When that contact crosses the line into behavior that exceeds what the sport considers acceptable, then criminal charges sometimes ensue. This has happened most often in hockey and the most famous incident came in a 2004 game between the Vancouver Canucks and the Colorado Avalanche. Vancouver was upset about a hit by Colorado center Steve Moore that had injured a Vancouver player and repeatedly went after Moore. Late in the game, which was a blowout win for Colorado, Todd Bertuzzi grabbed Moore’s jersey from behind, punched him in the back of the head and then fell on him. Moore never played hockey again and Bertuzzi was convicted of assault.
Football, like hockey, is a full contact sport. It is played by very large men who are handsomely paid to hit each other and hit each other hard. Contact that occurs within the confines of the rules is what makes the game competitive and enjoyable for the fans watching it. Even in a violent sport like football there are situations in which a player can cross the line of assumed risk. If a linebacker brought a golf club onto the field and hit a running back with it, that linebacker could certainly not claim that his actions were permissible simply because it was his job to stop the running back. His actions would constitute criminal assault.
Last week the NFL revealed that it had proof that the New Orleans Saints, under the direction of defensive coordinator Gregg Williams, had run a ‘bounty system’ in which other players and, indeed defensive coaches including Williams, provided significant cash bonuses– not for making good, legal hits, but specifically for injuring opposing players. Sports Illustrated reported that on-field microphones recorded players celebrating injuries and shouting about getting paid for causing them.
Most states’ criminal codes make it a crime to pay a person to cause injury to someone else. Nearly all of them make it a crime for two people to plot the commission of a future criminal act if they then take steps in furtherance of that act. The Saints were fined on multiple occasions for illegal hits– hits that the NFL had outlawed specifically because they were designed to cause injury or carried a high likelihood of injuring someone.
The potential liability for players and coaches in the bounty scandal extends beyond criminal exposure. The payments to players were not reported compensation and no taxes were paid on them. Each player receiving such a bonus and the teams paying them are therefore liable to both civil and criminal penalties for falsifying tax returns. In addition, the payments were in excess of compensation and salary caps set by the collective bargaining agreement and therefore violate that negotiated agreement between the players and the owners.

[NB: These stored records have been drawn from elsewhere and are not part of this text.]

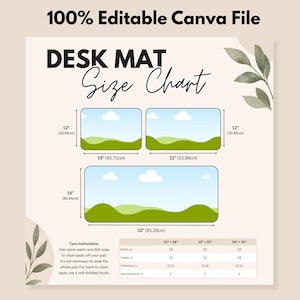 Desk Mat Size Chart Editable | Sizing Guide | JPG Mock-up and Canva Template | POD Mouse Pad | Etsy Product Listing Graphic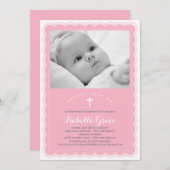 Prachtige Kant Baptisme uitnodiging - Roze (Voorkant / Achterkant)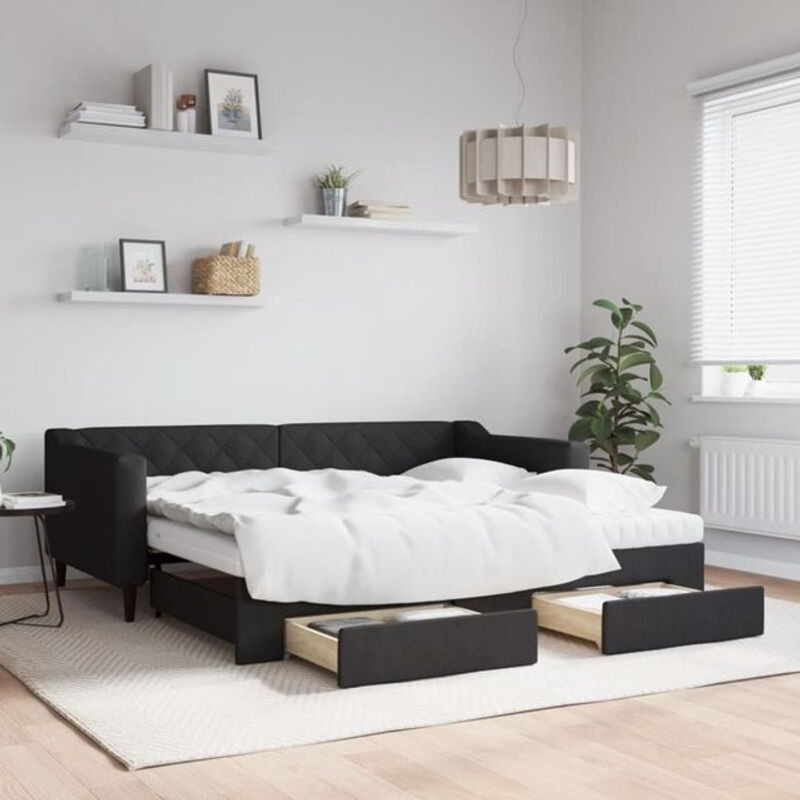 Ausziehbares Funktionsbett vidaxl mit Schubladen aus Stoff und Metall in Schwarz, B/T/H: 190 x 90 cm - Bild 1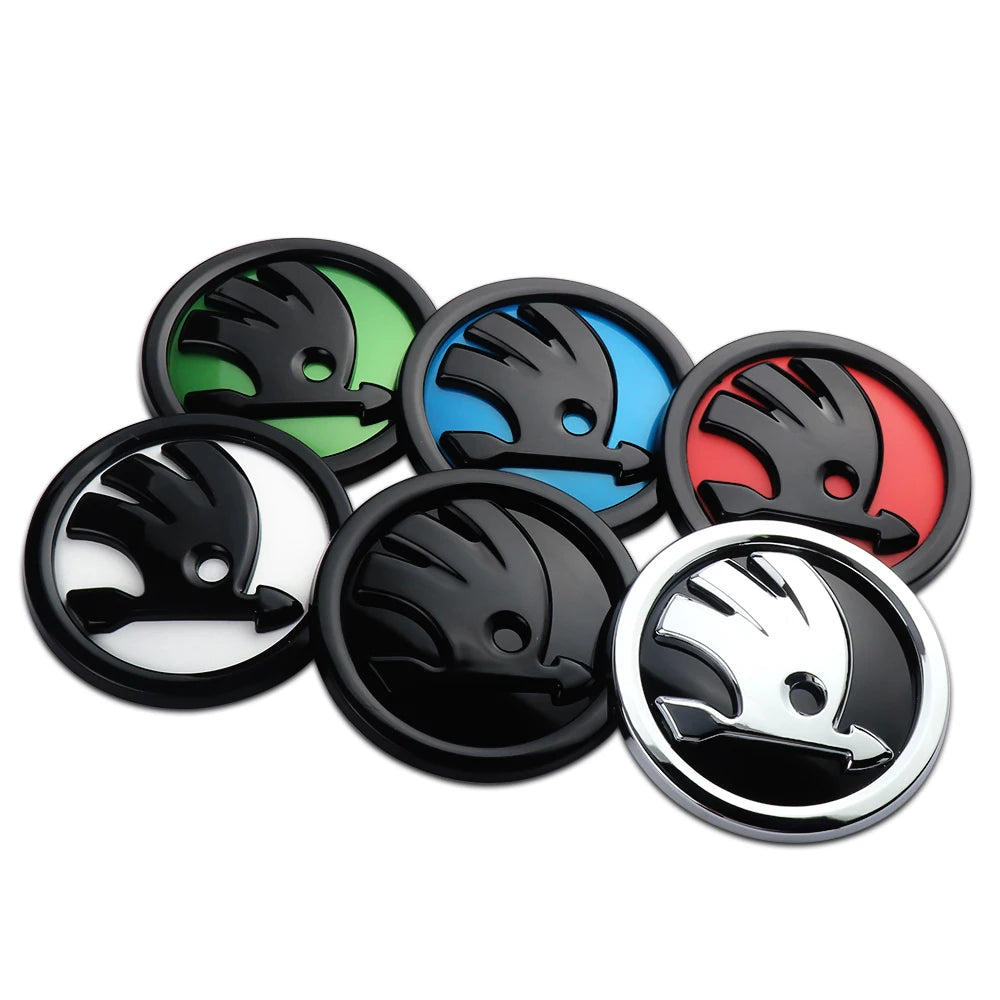 8/9/10cm Emblem Car Front Hood Badge Rear Trunk Sticker for Skoda Octavia Rapid Fabia S Logo Superb KAMIQ Kodiaq VRS Accessories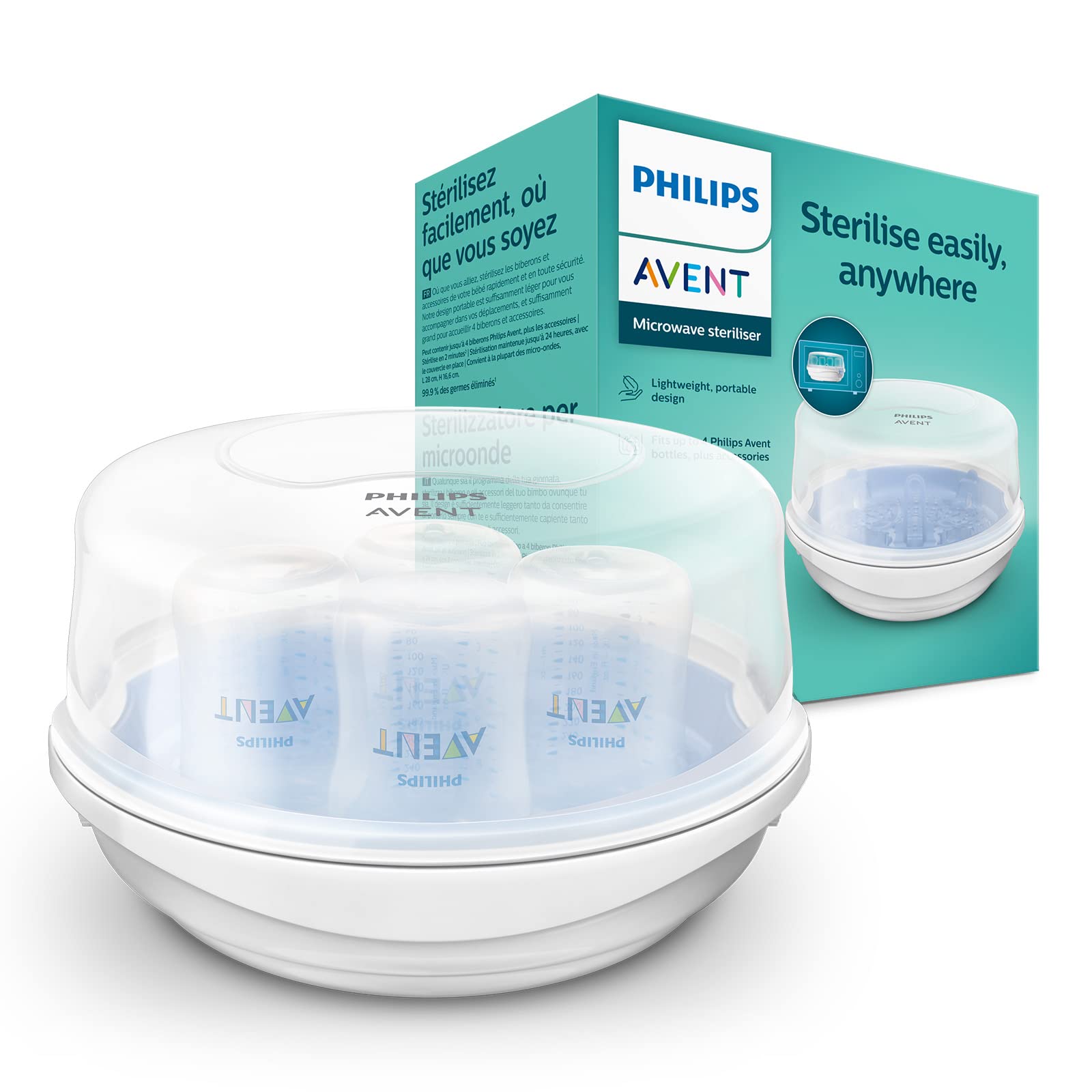 Philips Avent Mikrowellen-Dampfsterilisator für 4 Babyflaschen – 2-Minuten-Sterilisation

It appears likely at this time that prosecutors in NFL cities will allow the league to dole out severe punishments in this scandal and avoid involving the criminal justice system. In that, the players are fortunate because while an NFL quarterback assumes the risk of getting hit, and getting hit hard, he does not assume the risk that players will intentionally use illegal hits to cause severe, potentially career-threatening injury in order to collect an impermissible bounty.
David Hejmanowski is a magistrate and court administrator of the Delaware County Juvenile Court and a former assistant prosecuting attorney.